Why does this matter? Vector similarity can sometimes retrieve chunks that mention similar terms but don’t actually answer the user’s intent. Semantic reranking ensures that the final top 5-10 results are contextually the most relevant to what the user is asking.

For example, if a user asks “How do I handle manager approvals in transaction rules?”, vector search might return chunks about “manager roles” or “transaction limits” separately. But semantic reranking understands the combined intent and prioritizes chunks that show the intersection of both concepts.

This dramatically reduced hallucinations and improved DSL generation accuracy.

Why Agents Instead of Just One Model?

A single LLM prompt could, theoretically, output DSL. But real-world usage taught us that:

Some user prompts required retrieving specific domain rules (from internal documentation).
The DSL had different subdomains, each requiring its own expert logic.
Errors in DSL syntax needed specialized correction strategies.

This is where the agentic approach shines. Instead of one monolithic LLM call, we built a multi-agent system coordinated by an Orchestrator Agent.

The Architecture

Here’s how the system came together:

Orchestrator Agent Uses the OpenAI Agents SDK to route the user’s request. It decides whether the query requires retrieval, DSL transformation, or validation. It is given ample context and instructions as system prompt.
DSL Experts (Helper Agents) Each agent is an expert in a subset of DSL. For example: *syntax, rules, validation *and so on.
Knowledge Retrieval (RAG + Azure AI Search) Users often referred to legacy rules, policies, and code snippets. To handle this, I integrated semantic search in Azure AI Search.
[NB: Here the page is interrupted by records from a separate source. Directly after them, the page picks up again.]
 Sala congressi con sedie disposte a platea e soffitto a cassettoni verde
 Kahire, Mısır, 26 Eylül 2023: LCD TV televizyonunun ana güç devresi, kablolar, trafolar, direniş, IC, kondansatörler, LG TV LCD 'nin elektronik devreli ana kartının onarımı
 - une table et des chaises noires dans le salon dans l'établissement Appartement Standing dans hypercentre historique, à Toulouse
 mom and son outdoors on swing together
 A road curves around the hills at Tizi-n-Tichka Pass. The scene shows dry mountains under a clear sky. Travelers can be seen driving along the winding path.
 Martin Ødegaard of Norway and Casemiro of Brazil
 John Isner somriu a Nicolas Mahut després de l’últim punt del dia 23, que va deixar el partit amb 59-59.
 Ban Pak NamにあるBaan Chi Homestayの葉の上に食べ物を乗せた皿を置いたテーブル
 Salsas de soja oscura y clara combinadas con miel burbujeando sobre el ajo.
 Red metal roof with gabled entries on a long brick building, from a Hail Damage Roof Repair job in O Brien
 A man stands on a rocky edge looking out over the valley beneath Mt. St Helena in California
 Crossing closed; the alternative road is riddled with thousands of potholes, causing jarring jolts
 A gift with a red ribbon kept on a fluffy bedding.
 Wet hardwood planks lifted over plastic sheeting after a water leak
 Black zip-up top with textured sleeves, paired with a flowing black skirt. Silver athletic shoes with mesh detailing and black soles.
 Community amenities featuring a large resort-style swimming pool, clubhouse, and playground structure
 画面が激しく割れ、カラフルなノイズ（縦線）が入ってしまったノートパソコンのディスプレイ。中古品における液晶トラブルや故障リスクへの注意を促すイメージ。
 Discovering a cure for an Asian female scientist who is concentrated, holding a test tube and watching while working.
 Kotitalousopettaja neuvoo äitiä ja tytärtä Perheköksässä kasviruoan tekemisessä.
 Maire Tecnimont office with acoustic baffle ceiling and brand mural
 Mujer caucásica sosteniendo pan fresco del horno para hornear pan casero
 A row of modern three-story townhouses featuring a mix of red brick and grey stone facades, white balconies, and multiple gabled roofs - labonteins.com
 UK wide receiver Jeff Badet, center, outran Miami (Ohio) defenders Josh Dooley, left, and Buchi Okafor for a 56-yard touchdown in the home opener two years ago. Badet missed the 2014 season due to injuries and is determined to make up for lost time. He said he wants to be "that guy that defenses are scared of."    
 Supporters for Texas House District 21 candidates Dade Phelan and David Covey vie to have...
The orchestrator first queries the knowledge base for relevant examples with semantic reranking, injects them into context, and passes them to the helper agents.
Feedback & Correction Loop If the generated DSL didn’t validate, the Orchestrator Agent would trigger a handoff to the Validator Agent, which corrected and finalized the output.

Birds' eye view of plug and play agentic architecture

Learnings Along the Way

Data quality is non-negotiable. Garbage in, garbage out isn’t just a saying—it’s reality. Clean, validated, well-chunked documentation made all the difference.
Semantic reranking beats pure vector search. The cross-encoder reranking step eliminated false positives and surfaced truly relevant context.
Agent collaboration beats single-shot prompting. Letting agents specialize made the system modular, scalable, and less error-prone.
RAG is not optional in enterprise-grade DSL systems. When dealing with evolving rules, retrieval ensures correctness over hallucination.
Pausing and handoff are powerful. Using the Agents SDK’s ability to pause execution and let another agent take over kept us from “forcing” correctness in a single prompt.